🤖 AI Summary
Muon optimizers rely on approximate orthogonalization (e.g., Newton–Schulz iteration) for efficient training, but their theoretical analysis has long assumed infeasible exact SVD updates, creating a gap between theory and practice.
Method: We establish the first convergence theory for Muon under *inexact* orthogonalization, formulated within the linear minimization oracle (LMO) framework. We introduce an additive error model to quantify the interplay among orthogonalization approximation error, learning rate, and momentum parameters.

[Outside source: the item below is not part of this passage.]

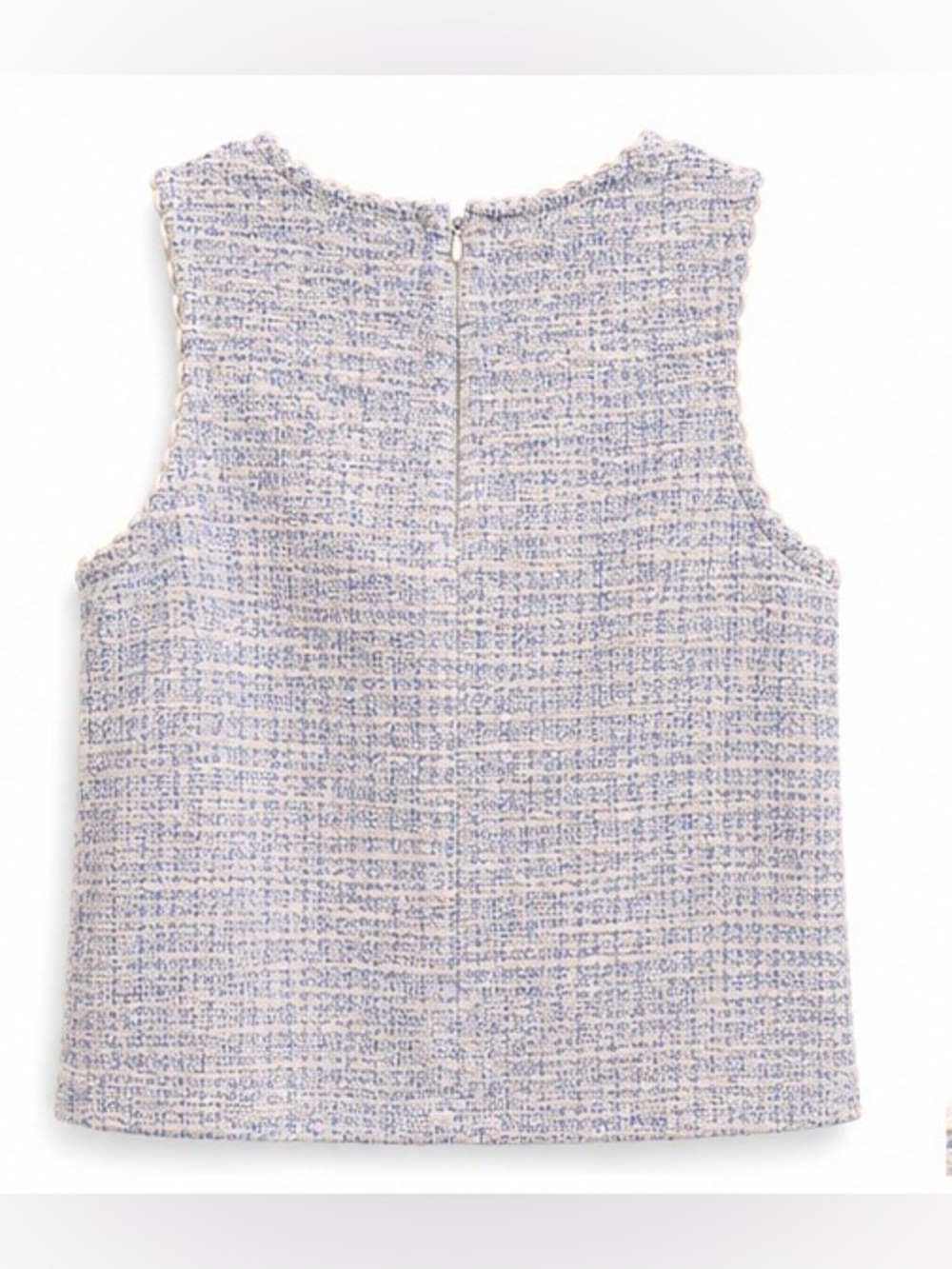 J.Crew Bouclé Tweed Sleeveless Top XXS | Blue & Cream Textured Shell - Picture 10 of 12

Contribution/Results: We derive an explicit convergence bound that degrades gracefully with LMO error, proving that orthogonalization accuracy is not an isolated implementation detail but must be jointly tuned with hyperparameters. Experiments on NanoGPT confirm our theory: increasing orthogonalization error induces significant shifts in the optimal learning rate—validating the predicted coupling between approximation fidelity and hyperparameter selection.
📝 Abstract
The Muon optimizer has rapidly emerged as a powerful, geometry-aware alternative to AdamW, demonstrating strong performance in large-scale training of neural networks. However, a critical theory-practice disconnect exists: Muon's efficiency relies on fast, approximate orthogonalization, yet all prior theoretical work analyzes an idealized, computationally intractable version assuming exact SVD-based updates. This work moves beyond the ideal by providing the first analysis of the inexact orthogonalized update at Muon's core. We develop our analysis within the general framework of Linear Minimization Oracle (LMO)-based optimization, introducing a realistic additive error model to capture the inexactness of practical approximation schemes. Our analysis yields explicit bounds that quantify performance degradation as a function of the LMO inexactness/error. We reveal a fundamental coupling between this inexactness and the optimal step size and momentum: lower oracle precision requires a smaller step size but larger momentum parameter. These findings elevate the approximation procedure (e.g., the number of Newton-Schulz steps) from an implementation detail to a critical parameter that must be co-tuned with the learning schedule. NanoGPT experiments directly confirm the predicted coupling, with optimal learning rates clearly shifting as approximation precision changes.